ELMONT, N.Y. – With the Triple Crown in the rearview mirror, much of the second half of the year centers on the 2-year-olds who could potentially participate in next year’s Triple Crown series.
There won’t be many 2-year-olds under more scrutiny than Cozmic One, the first foal out of the champion mare Zenyatta by the champion Bernardini who arrived at trainer John Shirreffs’s Belmont Park barn on May 23 and has been galloping almost daily since.
“You can definitely tell he’s his mother’s son,” Shirreffs said Wednesday, shortly after the colt returned from a training session. “He looks a lot like Zenyatta.”
Cozmic One is a rather big, dark bay colt who was broken on Mayberry Farm in Ocala, Fla., before shipping to Shirreffs. Zenyatta didn’t make it to the races until November of her 3-year-old year. Shirreffs has no timetable set for when Cozmic One might be ready, adding that it would be a stretch to see him run during the Saratoga meet.
“I take the time required. I don’t plan on taking a lot of time,” Shirreffs said. “I listen to the horse.”
Shirreffs said Cozmic One, owned and bred by Zenyatta’s owners, Jerry and Ann Moss, has made huge advancements that suggest he could be ready to run earlier than his mother.
“We’ve all been waiting for Zenyatta’s first foal, so it’s really exciting to have him here now,” Shirreffs said. “The fact he matured so well from the time he was a foal, weanling, yearling, and 2-year-old – he’s changed in a positive way each stage, so that makes it really exciting.”
Shirreffs knows that with a colt like this, there will be plenty of scrutiny.

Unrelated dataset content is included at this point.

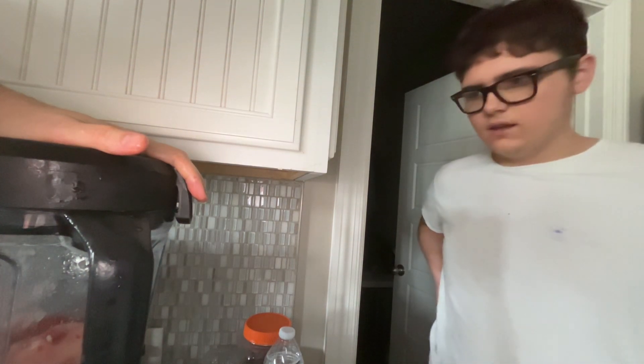It's working! Okay, give it a little shake. Evan, it's working! Let's put some more liquid in there.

He said it came with the territory regarding Eblouissante, the sister to Zenyatta who has won 2 of 5 starts and remains in training in Southern California.
“The only negative to the scrutiny that a Cozmic One or an Eblouissante gets are the negative feelings people have,” Shirreffs said. “If the horse isn’t perfect or he just doesn’t do fabulous in a workout or something like that, suddenly everybody’s wondering, ‘Does the horse lack talent, or is something wrong?’ Just the second-guessing is a little bit frustrating to listen to at times, but that’s part of it.”